妓王寺
滋賀県野洲市中北
保元平治の乱を経て、源氏に勝った平家が武士として政権をにぎったが、その頂点にいたのが平清盛、全盛を極めた。
その頃都では、慰めものとして今様や舞がもてはやされ、それを演じたのが白拍子という芸妓、白の水干、立烏帽子の男装で歌いながら舞うから
白拍子と呼ばれた。その白拍子の中の白拍子が妓王(祇王とも)である。清盛の寵愛を一身に受けた。毎月百石百貫をもらっていたというからお手
当もすごい。白拍子仲間からは羨望のまなざしや妬みの目で見られた。ところがある日、加賀国から仏(御前)という白拍子がやって来て、なかなか
歌も舞も上手で、是非清盛に見て欲しいと訪ねてきた。清盛は「オレには妓王がいるから会わへん」と云ったのに、横で妓王が「ちょっとだけでも見
てあげて」と云ったのが運のつき、清盛は仏御前に心移りし、妓王・妹妓女・母刀自の三人は屋敷を追い出されてしまった。髪を下ろして三人は、
嵯峨の小庵で念仏の日々を送ることになる。翌年のこと、思いがけないことに、仏御前がこの庵を訪ねてきた、しかも髪をおろして・・・。

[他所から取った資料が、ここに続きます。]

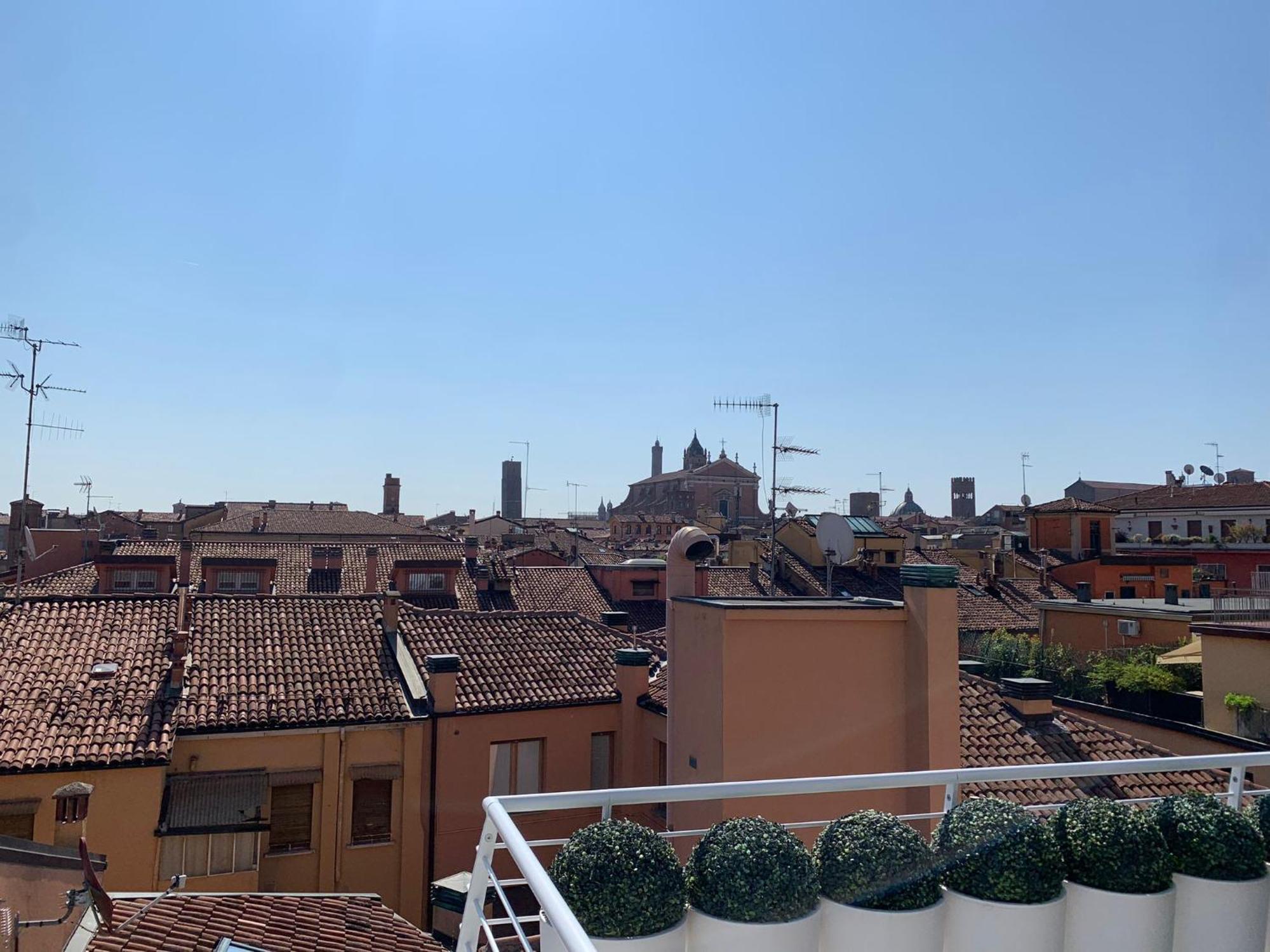 L'attico Dell'edera *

平家の盛者必衰を語る『平家物語』、ここでは女性の栄枯盛衰が語られる。妓王は歌う。
もえ出るも枯るるもおなじ野辺の草いづれか秋にあはで果つべき
・・春に萌え出る草々も枯れるも同じ野辺の花みんな秋になって枯れ果ててゆく・・
後世、妓王の出身地である近江国(現在の野洲市)に妓王寺が建てられた。
妓王寺の近くには、妓王の屋敷跡があり、石碑が立つ。
周りには静かな田園風景の広がる集落である。
野洲市中北の集落に、妓王寺はある。境内の案内板に、
その昔、近衛天皇の御代、江部荘に江邊荘司橘次郎時長という人があり、保元の乱に戦死した。時長の妻刀自は、二女を連れて京に出て、
娘二人は白拍子となった。時の相国平清盛は、白拍子を知り、その容姿を愛でて妓王と名づけ、殿中に仕えさせた。妓王、妓女姉妹ともに
清盛の寵愛を受けたが、無情を知り悲嘆にくれ、翠の黒髪を断ち切り、夜ひそかに御殿を逃れ、嵯峨往生院に隠れ、建久元年三十八才にして
大往生を遂げた。旧里江部荘では深く妓王の恩沢を感じ、生地中北に一宇を建立して妓王寺と名づけ、邸跡には碑石を立て、功績を永久に
伝えることになった。現在の妓王井川は、妓王の願いにより清盛が掘らせたこの地方の灌漑用の川である。
「妓王寺略縁起」に詳しい。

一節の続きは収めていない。